Dari sektor konstruksi, PT Adhi Karya (Persero) Tbk menargetkan 30 persen pendapatan berulang (recurring income) perseroan pada tahun 2024 akan disumbang dari proyek-proyek ESG, di antaranya fasilitas pengolahan sampah menjadi bahan bakar alternatif (refuse derived fuel/RDF) di Bekasi, Jawa Barat, dan pembangkit listrik tenaga mesin gas (PLTMG) di Sumbawa, Nusa Tenggara Barat.
Baca juga : Ongkos ESG Tinggi Jadi Penyebab Pendanaan Belum Terserap
Pertamina, Adhi Karya, dan perusahaan-perusahaan beraset jumbo lain di Indonesia memang sudah sewajarnya memperluas portofolio ESG. Di level bisnis tersebut, penerapan ESG sesuai standar dapat meningkatkan kepercayaan investor dan publik sehingga berdampak positif bagi keberlanjutan usaha.
Namun, di level menengah ke bawah, menurut ekonom senior Institute for Development of Economics and Finance (Indef), Aviliani, perusahaan masih enggan menerapkan prinsip-prinsip ESG sesuai standar dalam proses bisnis mereka karena mahalnya ongkos.
Demi menerapkan ESG, kebanyakan perusahaan harus merekrut konsultan hanya sekadar untuk membuat laporan berkelanjutan ataupun hal-hal lain terkait administrasi. Itu belum menghitung modal yang harus dikeluarkan untuk program atau proyek yang terintegrasi dengan prinsip ESG.
Banyaknya perusahaan lokal yang masih enggan menerapkan ESG dan prinsip berkelanjutan dalam bisnis yang mereka jalani membuat volume pendanaan berkelanjutan yang terus bertambah dari tahun ke tahun sulit terserap.

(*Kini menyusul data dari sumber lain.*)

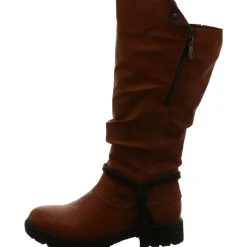 Rieker Winterstiefel braun Hot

Solusi agar penerapan ESG lebih masif lagi bukan sekadar bunga murah, melainkan bagaimana ongkos yang dikeluarkan bisa lebih murah.
Sektor keuangan di Indonesia, yang mengelola dana pembiayaan berbasis berkelanjutan, kesulitan dalam menyalurkan pendanaan tersebut. Padahal, bunga berbagai akses pendanaan berkelanjutan atau pembiayaan hijau relatif lebih rendah ketimbang bunga pinjaman komersial.
”Perusahaan akan bilang, daripada dapat bunga rendah tapi harus keluar ongkos tinggi untuk ESG, mendingan saya bayar bunga tinggi. Jadi, solusi agar penerapan ESG lebih masif lagi bukan sekadar bunga murah, melainkan bagaimana ongkos yang dikeluarkan bisa lebih murah,” ujar Aviliani, beberapa waktu lalu.
Di luar ongkos yang tinggi, perusahaan di Indonesia juga kesulitan menetapkan kriteria pengukuran dan indikator terkait ESG. Sektor usaha yang sama di wilayah yang berbeda di Indonesia akan sulit menggunakan indikator penilaian yang sama karena karakteristik sosial dan lingkungan di setiap daerah di Tanah Air berbeda.
”Lagi-lagi terkait dengan data, itu sesuatu yang tidak mudah di negeri ini,” kata Aviliani.
Upaya yang dapat dilakukan pada tahun 2024 untuk memperluas eksposur ESG adalah membuat lini bisnis berskala kecil-menengah masuk dalam jaringan rantai pasok perusahaan-perusahaan besar yang telah mapan menjalankan prinsip ESG.
Bagaimanapun, bagi dunia usaha, sikap abai terhadap ESG berkonsekuensi pada hilangnya berbagai peluang usaha dan akses pembiayaan hijau serta investasi ramah lingkungan.
Selamanya krisis lingkungan akan menjadi ancaman bagi siapa pun yang hidup di muka bumi ini. Karena itu, kesadaran untuk mendulang manfaat perekonomian yang lebih tinggi harus disertai juga dengan kesadaran dalam memprioritaskan keberlanjutan lingkungan.